Hi, Ken.
I'm not a world traveler like you, and I seldom even take my netbook for a Wi-Fi excursion, so my security issues are not the same as yours. I've used Quicken's Password Vault for a decade or more without problems. (Well, OK, rare problems, but not of this kind.)
Sometimes I can initiate a second OSU without re-entering my password; other times I must re-enter it, even on the same day, and that is a mild annoyance. I'm not sure if the re-entry requirement is time-based, or if some other event triggers it, but it does not survive restarting Quicken, as you said. Typically, Quicken is the first or second application I start each morning and sometimes it doesn't get shut down until bedtime. I've been surprised a few times to see that my vault password entry still works late in the day; I must have not restarted Q during that day.
While I'm no security guru, as many of our friends are, it's comforting to know that the vault is kept here on my own hard drive and not sent anywhere except to each FI, not even to Quicken.com. It is very inconvenient sometimes that the vault obscures the password, even from me, but I recognize that as another safeguard for me. I can't even change the password in the vault unless I know the current one. My only real security is physical access to my desktop and netbook, both kept here in my home.
The way the vault works suits me - but if I used Quicken the way you do, I'm sure I would share your concerns.
RC
-- -- R. C. White, CPA San Marcos, TX (Retired. No longer licensed to practice public accounting.) snipped-for-privacy@grandecom.net Microsoft Windows MVP (2002-2010) (Using Quicken Deluxe 2013 R 12 and Windows Live Mail in Win8 x64)
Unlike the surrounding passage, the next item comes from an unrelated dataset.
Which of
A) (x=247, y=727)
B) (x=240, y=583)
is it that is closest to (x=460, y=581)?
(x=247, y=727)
I've never used the Password Vault, but was just thinking of trying it. But if I'm right about the way I think is right, I don't want to use it.
So is this correct: After doing a one-step update with the Password Vault, you are never prompted again for the Password Vault's password until Quicken is shut down and restarted?
If so, it seems insecure and I don't want to use it. Also, is there any way to see the password the password vault enters, other than as
*******, or to use the password for anything else but one-step update? If not, the insecurity doesn't bother me as much,if nobody can do anything with my accounts other than a one-step update.
All thoughts on this subject are welcomed.